24.4 Performance measurement

The performance for a classification task is measured with a confusion matrix

For more serios scenarios the false predictions can have severe impact:

  • FP: False prediction
    • Healthy person is unesseary troubled
  • FN: False negative
    • Ill person does not get necessary treatment

Based on the four elements of the confusion matrix various metrics are defined, for details check https://en.wikipedia.org/wiki/Confusion_matrix

24.4.1 Sensitivity and specificity

Two metrics which are derived from the confusion matrix are:

Sensitivity is the proportion of cats which have been identified as cats, or the proportion of people with the illness that have been identified as being ill. It is therefore also called probability of detection

Sensitivity => P(cat predicted | cat given)


\[ \ Sensitivity = \frac {\text{Sample with cat and predicted cat}} {\text{Samples having cat}} = \frac{TP}{TP+FN} \]

Specificity is the proportion of non-cats which have been identified as non-cats, or the proportion of healthy people which have been identified as healthy.

Specificity => P(non-cat predicted | non-cat observed)


\[ \ Specificity = \frac {\text{Sample with non-cat and predicted as non-cat}} {\text{Samples with non-cat}} = \frac{TN}{TN+FP} \]

24.4.2 Receiver operating characteristic (ROC)

The result of a classification with two classes (binary classification) is given as a percentage value of how sure the algorithm is that the sample belongs to a class.
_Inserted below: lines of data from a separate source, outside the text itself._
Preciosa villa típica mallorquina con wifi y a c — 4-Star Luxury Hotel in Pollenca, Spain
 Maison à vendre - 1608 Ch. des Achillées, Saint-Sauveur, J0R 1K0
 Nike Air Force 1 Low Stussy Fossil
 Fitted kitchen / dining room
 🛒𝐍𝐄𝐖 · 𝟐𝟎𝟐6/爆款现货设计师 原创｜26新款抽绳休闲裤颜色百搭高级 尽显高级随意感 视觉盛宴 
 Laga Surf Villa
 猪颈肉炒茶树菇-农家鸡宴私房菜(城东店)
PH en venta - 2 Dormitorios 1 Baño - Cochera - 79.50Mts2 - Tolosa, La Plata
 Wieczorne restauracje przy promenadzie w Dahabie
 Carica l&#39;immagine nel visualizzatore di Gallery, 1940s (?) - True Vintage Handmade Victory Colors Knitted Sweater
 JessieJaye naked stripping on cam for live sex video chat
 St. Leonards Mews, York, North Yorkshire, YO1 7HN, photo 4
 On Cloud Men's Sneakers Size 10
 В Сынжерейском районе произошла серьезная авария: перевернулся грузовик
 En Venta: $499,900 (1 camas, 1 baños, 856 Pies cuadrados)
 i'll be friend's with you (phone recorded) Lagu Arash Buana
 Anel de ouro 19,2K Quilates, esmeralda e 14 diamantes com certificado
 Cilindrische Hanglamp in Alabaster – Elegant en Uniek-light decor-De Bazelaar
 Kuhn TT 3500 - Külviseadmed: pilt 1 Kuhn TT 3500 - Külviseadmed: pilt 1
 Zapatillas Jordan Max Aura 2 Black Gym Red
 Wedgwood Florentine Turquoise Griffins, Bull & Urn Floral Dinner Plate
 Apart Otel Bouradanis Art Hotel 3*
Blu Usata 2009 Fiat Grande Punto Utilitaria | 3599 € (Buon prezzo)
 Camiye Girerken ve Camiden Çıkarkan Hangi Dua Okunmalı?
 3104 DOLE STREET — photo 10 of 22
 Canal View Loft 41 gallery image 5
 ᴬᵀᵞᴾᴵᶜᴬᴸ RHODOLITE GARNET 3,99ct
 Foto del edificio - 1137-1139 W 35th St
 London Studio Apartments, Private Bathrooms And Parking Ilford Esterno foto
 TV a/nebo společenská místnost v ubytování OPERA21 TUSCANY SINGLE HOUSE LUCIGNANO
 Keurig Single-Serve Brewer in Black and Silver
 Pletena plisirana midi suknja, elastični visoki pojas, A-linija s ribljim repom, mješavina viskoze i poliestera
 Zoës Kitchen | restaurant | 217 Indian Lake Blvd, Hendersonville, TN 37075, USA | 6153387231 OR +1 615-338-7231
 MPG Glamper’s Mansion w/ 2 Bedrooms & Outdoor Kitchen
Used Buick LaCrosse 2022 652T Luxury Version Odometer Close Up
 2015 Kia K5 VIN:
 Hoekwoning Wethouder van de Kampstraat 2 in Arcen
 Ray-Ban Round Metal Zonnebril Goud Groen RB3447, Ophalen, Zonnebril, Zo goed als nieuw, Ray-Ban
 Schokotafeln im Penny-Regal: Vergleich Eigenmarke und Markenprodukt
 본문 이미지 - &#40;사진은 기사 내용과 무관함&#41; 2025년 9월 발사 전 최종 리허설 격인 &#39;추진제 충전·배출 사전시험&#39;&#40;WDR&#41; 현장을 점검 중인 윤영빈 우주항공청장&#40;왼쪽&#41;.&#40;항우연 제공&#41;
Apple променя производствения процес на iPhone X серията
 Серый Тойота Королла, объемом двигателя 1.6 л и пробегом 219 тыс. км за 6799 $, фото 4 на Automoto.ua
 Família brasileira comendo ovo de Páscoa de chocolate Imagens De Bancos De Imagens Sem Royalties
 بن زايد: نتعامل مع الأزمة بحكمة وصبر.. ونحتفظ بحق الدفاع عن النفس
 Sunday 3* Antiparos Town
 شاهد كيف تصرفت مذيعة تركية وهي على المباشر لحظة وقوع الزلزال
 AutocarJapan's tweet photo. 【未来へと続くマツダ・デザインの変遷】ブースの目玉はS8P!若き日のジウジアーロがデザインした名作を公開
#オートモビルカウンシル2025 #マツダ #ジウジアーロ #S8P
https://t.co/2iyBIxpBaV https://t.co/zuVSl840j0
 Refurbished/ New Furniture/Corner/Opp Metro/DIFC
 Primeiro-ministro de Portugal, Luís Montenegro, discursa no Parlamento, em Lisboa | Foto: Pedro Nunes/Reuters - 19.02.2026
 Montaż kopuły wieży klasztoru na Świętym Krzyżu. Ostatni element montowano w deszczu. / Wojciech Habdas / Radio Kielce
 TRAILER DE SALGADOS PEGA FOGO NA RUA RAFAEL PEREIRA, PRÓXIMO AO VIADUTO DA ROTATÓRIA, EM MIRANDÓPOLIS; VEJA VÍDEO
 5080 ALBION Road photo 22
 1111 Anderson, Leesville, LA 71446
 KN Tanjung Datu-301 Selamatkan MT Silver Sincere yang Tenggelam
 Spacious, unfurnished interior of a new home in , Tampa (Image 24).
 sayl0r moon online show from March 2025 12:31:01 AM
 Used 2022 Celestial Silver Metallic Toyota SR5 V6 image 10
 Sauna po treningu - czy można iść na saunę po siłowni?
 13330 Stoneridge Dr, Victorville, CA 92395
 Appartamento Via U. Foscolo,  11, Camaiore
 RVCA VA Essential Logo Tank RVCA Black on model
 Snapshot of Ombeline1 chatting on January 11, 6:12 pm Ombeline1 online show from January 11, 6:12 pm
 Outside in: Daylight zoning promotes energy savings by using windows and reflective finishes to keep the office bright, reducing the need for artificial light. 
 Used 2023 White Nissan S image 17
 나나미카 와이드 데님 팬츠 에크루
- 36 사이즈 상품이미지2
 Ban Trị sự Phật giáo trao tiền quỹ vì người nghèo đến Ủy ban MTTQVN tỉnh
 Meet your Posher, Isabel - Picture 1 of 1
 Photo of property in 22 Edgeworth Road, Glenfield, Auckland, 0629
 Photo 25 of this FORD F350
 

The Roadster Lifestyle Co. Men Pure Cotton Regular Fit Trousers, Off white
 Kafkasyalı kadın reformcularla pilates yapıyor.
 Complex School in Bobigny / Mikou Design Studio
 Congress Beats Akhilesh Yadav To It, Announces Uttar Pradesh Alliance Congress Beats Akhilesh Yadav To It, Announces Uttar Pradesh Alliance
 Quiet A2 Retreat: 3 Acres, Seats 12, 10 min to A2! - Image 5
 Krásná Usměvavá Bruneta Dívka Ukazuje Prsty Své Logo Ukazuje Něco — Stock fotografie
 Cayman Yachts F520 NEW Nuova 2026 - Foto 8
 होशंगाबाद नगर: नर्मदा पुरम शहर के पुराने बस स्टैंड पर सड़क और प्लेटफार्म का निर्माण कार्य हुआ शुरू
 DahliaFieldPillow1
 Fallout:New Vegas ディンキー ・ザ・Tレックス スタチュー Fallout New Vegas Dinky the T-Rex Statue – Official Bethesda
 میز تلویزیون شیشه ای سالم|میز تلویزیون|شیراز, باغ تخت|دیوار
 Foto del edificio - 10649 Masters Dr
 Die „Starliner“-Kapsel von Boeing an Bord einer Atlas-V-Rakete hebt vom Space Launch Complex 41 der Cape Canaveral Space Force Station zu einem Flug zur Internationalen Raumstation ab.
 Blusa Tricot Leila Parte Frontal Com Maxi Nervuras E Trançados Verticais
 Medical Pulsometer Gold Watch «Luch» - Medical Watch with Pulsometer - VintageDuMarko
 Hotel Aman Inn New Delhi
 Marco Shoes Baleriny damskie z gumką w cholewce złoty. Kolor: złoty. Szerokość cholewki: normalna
Depending on the the overall project target the threshold upon which the class is rated as identified is set. If a false positive is to be avoided than the threshold for classifying a positive is set high.

  • Used to set the probability threshold of detection
  • Visual representation of confusion matrix
  • Includes for various probability thresholds
    • Sensitivity
    • Specificity
  • AUC => area under curve
    • The higher the better
    • 0 < AUC < 1